:: What the task asks ::
Your reply must consist of the data below, reproduced character for character.

Stored items:
* * *

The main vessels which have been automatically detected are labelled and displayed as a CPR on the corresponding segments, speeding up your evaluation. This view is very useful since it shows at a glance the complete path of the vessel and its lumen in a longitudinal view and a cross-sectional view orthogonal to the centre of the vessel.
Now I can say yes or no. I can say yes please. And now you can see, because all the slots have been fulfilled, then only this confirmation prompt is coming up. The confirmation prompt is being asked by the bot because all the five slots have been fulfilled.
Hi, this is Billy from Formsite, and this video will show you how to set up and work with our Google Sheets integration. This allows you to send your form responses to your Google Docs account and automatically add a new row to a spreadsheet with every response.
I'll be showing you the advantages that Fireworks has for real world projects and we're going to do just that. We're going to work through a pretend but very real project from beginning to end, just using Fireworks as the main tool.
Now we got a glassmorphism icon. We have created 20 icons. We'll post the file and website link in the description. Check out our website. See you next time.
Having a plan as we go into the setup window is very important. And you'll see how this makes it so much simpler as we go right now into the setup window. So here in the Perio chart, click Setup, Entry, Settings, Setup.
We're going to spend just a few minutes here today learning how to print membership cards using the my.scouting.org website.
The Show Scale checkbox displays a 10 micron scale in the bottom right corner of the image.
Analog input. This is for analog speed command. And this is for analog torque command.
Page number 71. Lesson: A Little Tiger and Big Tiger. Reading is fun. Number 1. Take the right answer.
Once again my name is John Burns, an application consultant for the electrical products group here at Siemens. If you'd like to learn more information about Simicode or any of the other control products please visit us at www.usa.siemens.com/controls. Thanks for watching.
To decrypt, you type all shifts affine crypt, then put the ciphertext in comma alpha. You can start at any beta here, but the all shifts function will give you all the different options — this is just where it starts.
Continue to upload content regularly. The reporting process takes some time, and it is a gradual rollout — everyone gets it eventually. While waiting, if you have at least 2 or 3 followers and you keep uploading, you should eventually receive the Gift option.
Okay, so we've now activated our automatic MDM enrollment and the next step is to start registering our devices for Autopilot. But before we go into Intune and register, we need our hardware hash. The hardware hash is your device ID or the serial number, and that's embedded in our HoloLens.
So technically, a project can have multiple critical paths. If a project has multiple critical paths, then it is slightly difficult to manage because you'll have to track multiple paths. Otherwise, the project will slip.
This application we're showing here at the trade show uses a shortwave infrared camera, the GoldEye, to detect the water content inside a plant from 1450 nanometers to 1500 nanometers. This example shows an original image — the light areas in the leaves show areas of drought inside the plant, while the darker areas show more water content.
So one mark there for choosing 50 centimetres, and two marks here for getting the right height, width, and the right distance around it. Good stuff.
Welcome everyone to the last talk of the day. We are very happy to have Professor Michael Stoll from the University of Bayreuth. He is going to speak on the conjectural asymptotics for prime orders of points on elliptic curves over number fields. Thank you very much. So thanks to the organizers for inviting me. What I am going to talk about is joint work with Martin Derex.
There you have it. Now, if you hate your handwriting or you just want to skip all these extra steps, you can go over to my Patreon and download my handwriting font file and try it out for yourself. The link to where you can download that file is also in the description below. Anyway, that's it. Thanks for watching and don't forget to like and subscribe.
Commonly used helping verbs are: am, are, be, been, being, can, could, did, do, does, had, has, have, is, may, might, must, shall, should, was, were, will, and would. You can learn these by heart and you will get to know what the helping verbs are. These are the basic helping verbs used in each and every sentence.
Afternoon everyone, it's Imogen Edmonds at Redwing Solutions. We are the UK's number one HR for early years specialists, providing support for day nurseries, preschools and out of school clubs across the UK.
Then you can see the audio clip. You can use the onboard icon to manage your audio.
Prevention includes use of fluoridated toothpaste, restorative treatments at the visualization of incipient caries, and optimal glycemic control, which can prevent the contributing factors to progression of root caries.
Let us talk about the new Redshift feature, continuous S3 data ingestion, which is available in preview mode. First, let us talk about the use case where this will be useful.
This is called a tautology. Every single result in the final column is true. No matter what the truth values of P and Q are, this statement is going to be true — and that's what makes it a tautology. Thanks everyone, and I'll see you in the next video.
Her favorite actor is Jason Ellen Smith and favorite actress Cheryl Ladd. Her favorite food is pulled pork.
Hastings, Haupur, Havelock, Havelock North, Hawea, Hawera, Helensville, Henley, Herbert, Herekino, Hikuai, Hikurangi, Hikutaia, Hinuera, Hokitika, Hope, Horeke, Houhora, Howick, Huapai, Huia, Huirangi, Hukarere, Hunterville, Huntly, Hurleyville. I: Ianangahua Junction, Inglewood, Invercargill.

* * *

:: Output of the task ::
The main vessels which have been automatically detected are labelled and displayed as a CPR on the corresponding segments, speeding up your evaluation. This view is very useful since it shows at a glance the complete path of the vessel and its lumen in a longitudinal view and a cross-sectional view orthogonal to the centre of the vessel.
Now I can say yes or no. I can say yes please. And now you can see, because all the slots have been fulfilled, then only this confirmation prompt is coming up. The confirmation prompt is being asked by the bot because all the five slots have been fulfilled.
Hi, this is Billy from Formsite, and this video will show you how to set up and work with our Google Sheets integration. This allows you to send your form responses to your Google Docs account and automatically add a new row to a spreadsheet with every response.
I'll be showing you the advantages that Fireworks has for real world projects and we're going to do just that. We're going to work through a pretend but very real project from beginning to end, just using Fireworks as the main tool.
Now we got a glassmorphism icon. We have created 20 icons. We'll post the file and website link in the description. Check out our website. See you next time.
Having a plan as we go into the setup window is very important. And you'll see how this makes it so much simpler as we go right now into the setup window. So here in the Perio chart, click Setup, Entry, Settings, Setup.
We're going to spend just a few minutes here today learning how to print membership cards using the my.scouting.org website.
The Show Scale checkbox displays a 10 micron scale in the bottom right corner of the image.
Analog input. This is for analog speed command. And this is for analog torque command.
Page number 71. Lesson: A Little Tiger and Big Tiger. Reading is fun. Number 1. Take the right answer.
Once again my name is John Burns, an application consultant for the electrical products group here at Siemens. If you'd like to learn more information about Simicode or any of the other control products please visit us at www.usa.siemens.com/controls. Thanks for watching.
To decrypt, you type all shifts affine crypt, then put the ciphertext in comma alpha. You can start at any beta here, but the all shifts function will give you all the different options — this is just where it starts.
Continue to upload content regularly. The reporting process takes some time, and it is a gradual rollout — everyone gets it eventually. While waiting, if you have at least 2 or 3 followers and you keep uploading, you should eventually receive the Gift option.
Okay, so we've now activated our automatic MDM enrollment and the next step is to start registering our devices for Autopilot. But before we go into Intune and register, we need our hardware hash. The hardware hash is your device ID or the serial number, and that's embedded in our HoloLens.
So technically, a project can have multiple critical paths. If a project has multiple critical paths, then it is slightly difficult to manage because you'll have to track multiple paths. Otherwise, the project will slip.
This application we're showing here at the trade show uses a shortwave infrared camera, the GoldEye, to detect the water content inside a plant from 1450 nanometers to 1500 nanometers. This example shows an original image — the light areas in the leaves show areas of drought inside the plant, while the darker areas show more water content.
So one mark there for choosing 50 centimetres, and two marks here for getting the right height, width, and the right distance around it. Good stuff.
Welcome everyone to the last talk of the day. We are very happy to have Professor Michael Stoll from the University of Bayreuth. He is going to speak on the conjectural asymptotics for prime orders of points on elliptic curves over number fields. Thank you very much. So thanks to the organizers for inviting me. What I am going to talk about is joint work with Martin Derex.
There you have it. Now, if you hate your handwriting or you just want to skip all these extra steps, you can go over to my Patreon and download my handwriting font file and try it out for yourself. The link to where you can download that file is also in the description below. Anyway, that's it. Thanks for watching and don't forget to like and subscribe.
Commonly used helping verbs are: am, are, be, been, being, can, could, did, do, does, had, has, have, is, may, might, must, shall, should, was, were, will, and would. You can learn these by heart and you will get to know what the helping verbs are. These are the basic helping verbs used in each and every sentence.
Afternoon everyone, it's Imogen Edmonds at Redwing Solutions. We are the UK's number one HR for early years specialists, providing support for day nurseries, preschools and out of school clubs across the UK.
Then you can see the audio clip. You can use the onboard icon to manage your audio.
Prevention includes use of fluoridated toothpaste, restorative treatments at the visualization of incipient caries, and optimal glycemic control, which can prevent the contributing factors to progression of root caries.
Let us talk about the new Redshift feature, continuous S3 data ingestion, which is available in preview mode. First, let us talk about the use case where this will be useful.
This is called a tautology. Every single result in the final column is true. No matter what the truth values of P and Q are, this statement is going to be true — and that's what makes it a tautology. Thanks everyone, and I'll see you in the next video.
Her favorite actor is Jason Ellen Smith and favorite actress Cheryl Ladd. Her favorite food is pulled pork.
Hastings, Haupur, Havelock, Havelock North, Hawea, Hawera, Helensville, Henley, Herbert, Herekino, Hikuai, Hikurangi, Hikutaia, Hinuera, Hokitika, Hope, Horeke, Houhora, Howick, Huapai, Huia, Huirangi, Hukarere, Hunterville, Huntly, Hurleyville. I: Ianangahua Junction, Inglewood, Invercargill.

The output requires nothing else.